Chinese authorities have seized $14.5 billion in villas, cars, art and other assets owned by those with close links to former security chief Zhou Yongkang, the most powerful Chinese official to be targeted for corruption in over 60 years. Authorities have seized about 300 apartments, luxury liquor, antiques, silver, gold, and cash in both in yuan and foreign currencies, as well as local and overseas bonds and stocks.
As we’ve reported, Zhou once held one of the highest positions in the party, where he increased spending on public security to surpass that of even the Chinese military. He has been the reported target of a high level anti-corruption investigation personally overseen by chairman Xi Jinping. Zhou hasn’t been seen in public since late 2012, when he retired.
But going after Zhou isn’t just the latest front in Xi Jinping’s campaign to take down the corrupt high-level officials known as “tigers,” as well as lowly “flies.” The investigation of Zhou is also about political retribution. And the recent targeting of his staff, allies, and family members may be a warning shot to anyone considering allying with those that oppose Xi.
Zhou opposed the ouster of Bo Xilai, the former party secretary of Chongqing who was on track to join China’s powerful standing committee, possibly as the next head of domestic security. The figure of Bo, now in prison, still looms large over the party among those who support his approach to governing. He was a charismatic official with populist appeal who championed more state control of the economy, in direct contrast with some of the economic reforms Xi wants to implement.

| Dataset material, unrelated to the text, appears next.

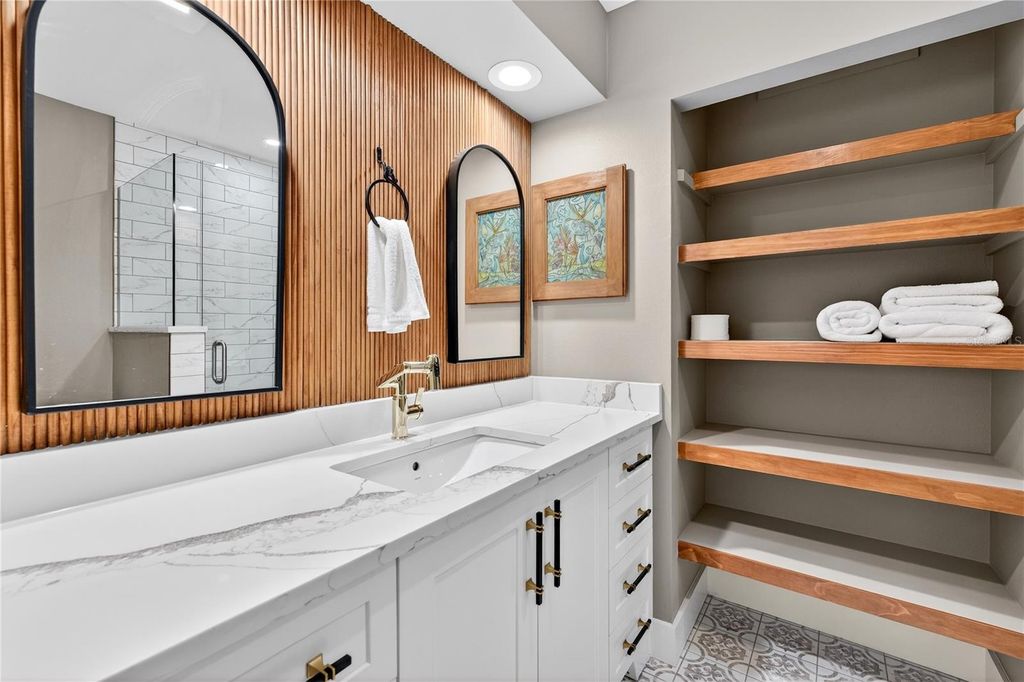 Image 28 of property listing at 620 FAIR WINDS DRIVE 620, Nokomis, FL 34275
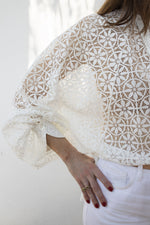 Carica l'immagine nel visualizzatore di Gallery, WIDE Sleeves Blouse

Now, virtually anyone with connections to Zhou is at risk. Over 300 of Zhou’s relatives, political allies, staff and other associates have been detained or questioned over the past four months, according to Reuters, which cites two unnamed sources who had been briefed on the investigation. That includes about 10 officials who rank as high as vice minister—as well as over 20 of Zhou’s bodyguards, drivers, and other staff. ChinaFile and Foreign Policy have translated this graphic (paywall) that maps out the web of Zhou’s connections:
This crackdown is a risky move for Xi, who is still consolidating power over the party. He has broken an unspoken rule that retired members of the powerful Standing Committee, also known as party “elders,” are not to be investigated. Putting Zhou on trial could further distance a public that’s already weary of the party’s show trials and corruption cases. Bo Xilai’s trial, for instance, galvanized his supporters, some of whom demonstrated outside of the courthouse. Even former president Jiang Zemin, who has been supportive of the corruption crackdown, has reportedly cautioned (paywall) Xi against going too far.
Zhou, as a former member of the standing committee and domestic security head, was privy to many backdoor dealings, and could well have damning information about other party officials. If he’s about to go down, he just might try to take the party with him.